* Chefe de Redação
Omnipresente.
Se é lateral direito, Pepê faz o corredor de cima a baixo, competência burocrática e selvajaria hedonista, tudo no mesmo jogador de futebol.
Ala esquerdo. Pepê esfrega as mãos, volta ao lugar de sempre, improvisa arranques e travagens à procura das zonas de tiro. O sítio onde é mais feliz.
Meio-campo. Com certeza, seja feita a vontade de Sérgio Conceição. Tremendamente competitivo, impressionante a receber de costas e a iludir a pressão, um tratado de bem jogar.
Pepê é a mais perfeita criatura desenhada por Sérgio Conceição.
Explico-me. Ao chegar do sol de Porto Alegre, Pepê era o típico avançado/extremo de movimentos repetitivos, um Everton Cebolinha com menor estatuto no Brasil. E na Europa.
Receber a bola na esquerda, procurar o meio, tentar o remate ou a combinação. Isto e só isto. Até bater numa parede.

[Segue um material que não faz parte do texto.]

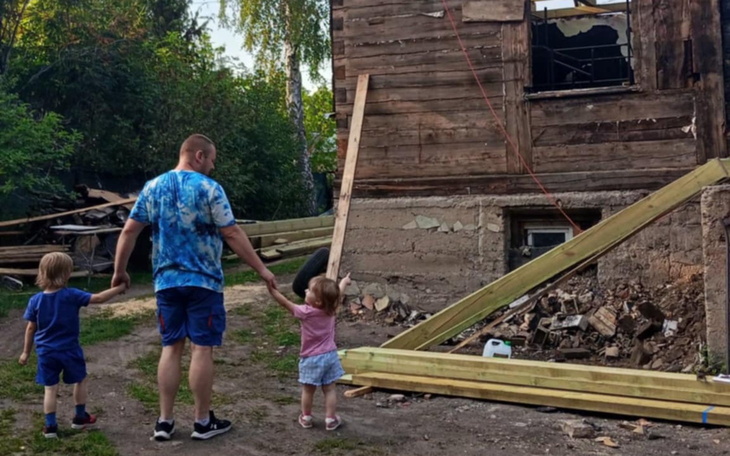 Dzieci trzymają się za ręce, stojąc przed zniszczonym budynkiem.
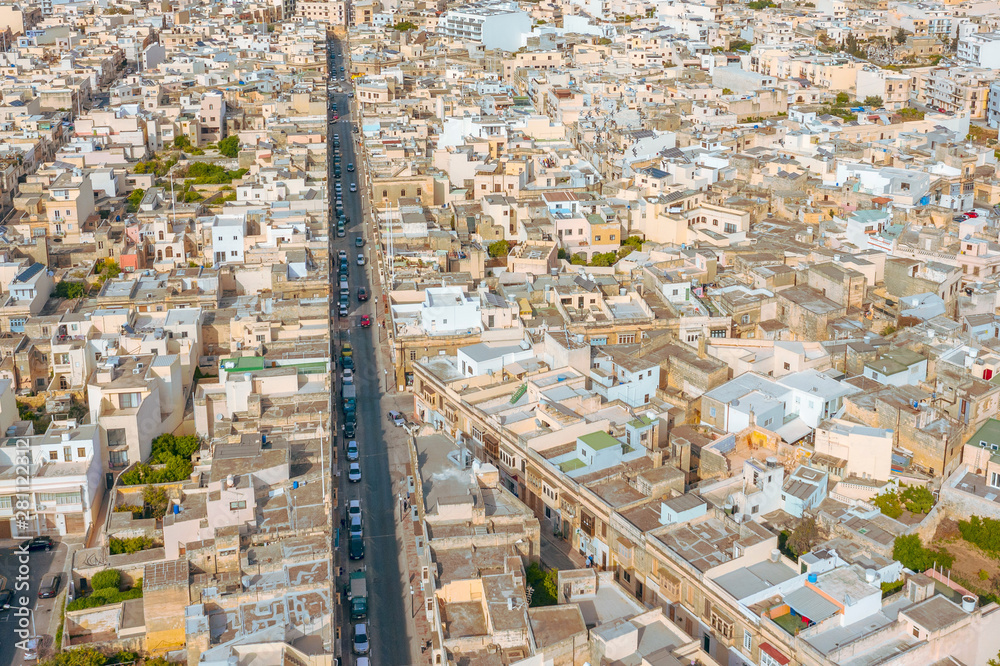 Aerial view of the street and dense low-rise buildings residential buildings in the city, with a dense population. Aerial view of the street and dense low-rise buildings residential buildings in the city, with a dense population.
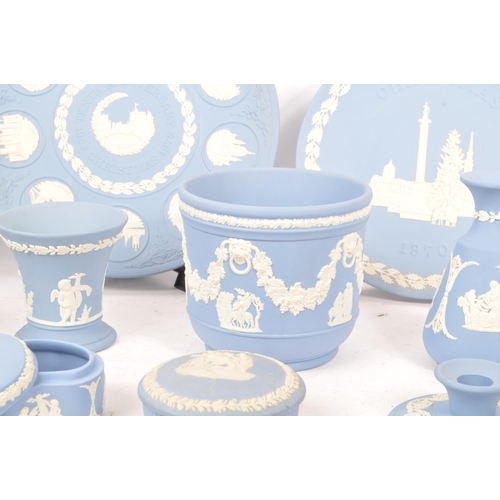 136 - Wedgwood Jasperware - A collection of 20th Century ceramic Wedgwood Jasperware items mostly in light... 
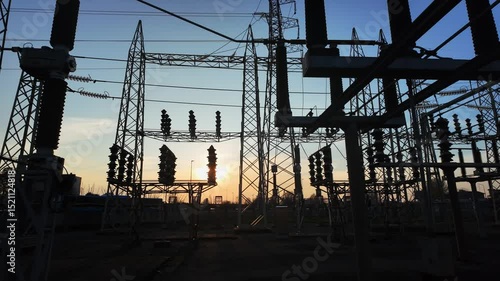 Silhouettes of electrical parts and structural elements of a power plant at sunset. the sun appears and disappears through the structure due to the movement of the camera.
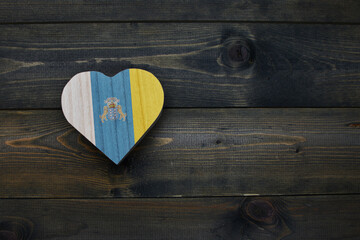 wooden heart with national flag of canary islands on the wooden background.
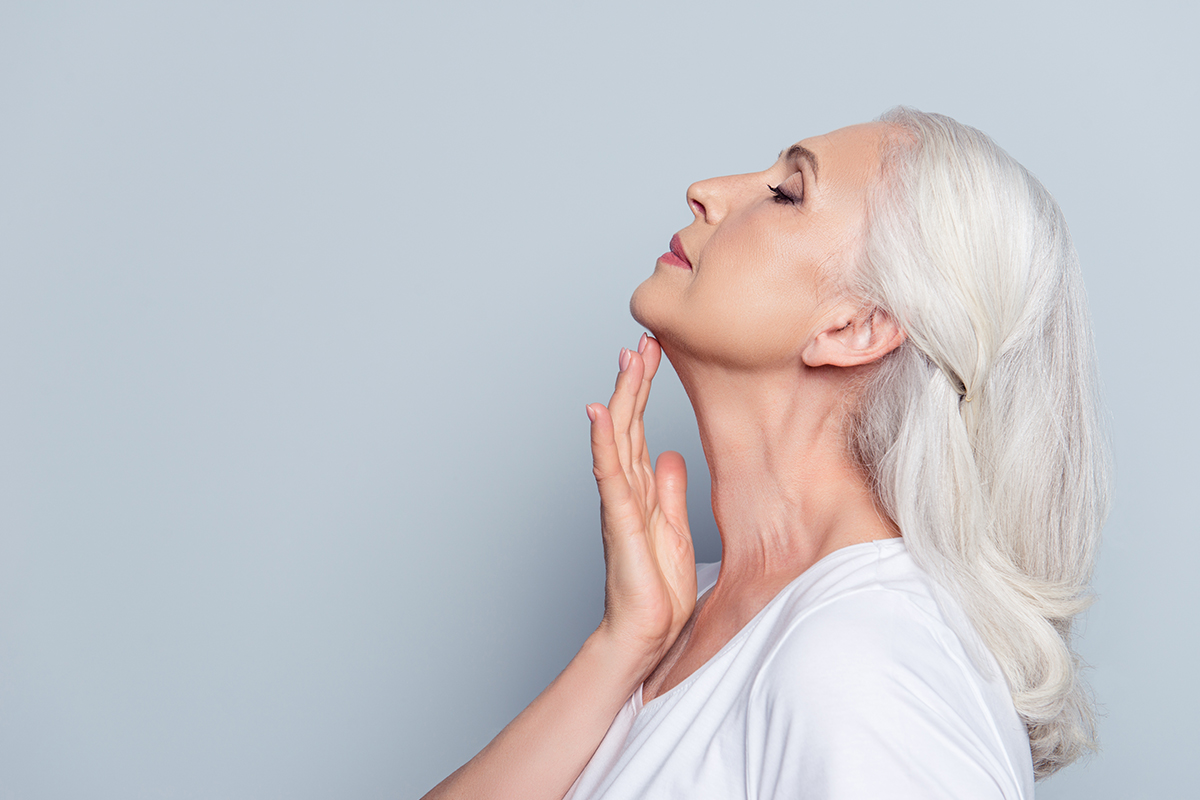 Mujer madura de perfil con cabello plateado, tocando suavemente la piel firme y tersa de su cuello y línea de la mandíbula.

Cebolinha não era diferente, nem melhor, nem pior. Teve, isso sim, o azar de cair nas mãos de um treinador impaciente (Jesus) e num clube em reformulação e profunda crise institucional (Benfica).
O Everton que aterrou na Luz foi o Everton que acabou devolvido à procedência. Os mesmos defeitos, as mesmas virtudes, o mesmo penteado e as mesmas tatuagens. Estagnado.Pepê é o exemplo contrário, radicalmente oposto. Passou de avançado talentoso a futebolista todo-o-terreno, capaz de perceber o que o rodeia e o que deve fazer em cada momento do jogo. Sempre sem perder a extraordinária capacidade de ser genial.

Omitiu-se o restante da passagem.